## ABOUT THIS TASK
Give back exactly the lines of the material below that start at the line containing "My personal website" and end at the line containing "ปลั๊กไฟ Toshino Plug", and no others.
***** DATA SUPPLIED
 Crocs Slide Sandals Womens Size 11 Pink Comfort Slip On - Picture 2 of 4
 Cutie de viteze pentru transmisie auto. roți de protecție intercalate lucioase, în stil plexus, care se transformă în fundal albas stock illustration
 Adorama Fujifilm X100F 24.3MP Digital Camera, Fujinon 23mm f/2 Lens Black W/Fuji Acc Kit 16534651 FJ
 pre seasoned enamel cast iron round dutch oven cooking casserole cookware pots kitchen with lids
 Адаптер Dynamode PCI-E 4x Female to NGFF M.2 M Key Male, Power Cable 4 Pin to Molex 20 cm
**********
***** DATA SUPPLIED
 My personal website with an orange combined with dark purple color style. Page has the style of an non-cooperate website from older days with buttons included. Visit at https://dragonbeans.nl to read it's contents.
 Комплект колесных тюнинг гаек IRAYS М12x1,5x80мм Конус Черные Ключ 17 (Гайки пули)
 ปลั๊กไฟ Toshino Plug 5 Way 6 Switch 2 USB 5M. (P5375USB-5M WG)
**********
## FINISHED EXERCISE
 My personal website with an orange combined with dark purple color style. Page has the style of an non-cooperate website from older days with buttons included. Visit at https://dragonbeans.nl to read it's contents.
 Комплект колесных тюнинг гаек IRAYS М12x1,5x80мм Конус Черные Ключ 17 (Гайки пули)
 ปลั๊กไฟ Toshino Plug 5 Way 6 Switch 2 USB 5M. (P5375USB-5M WG)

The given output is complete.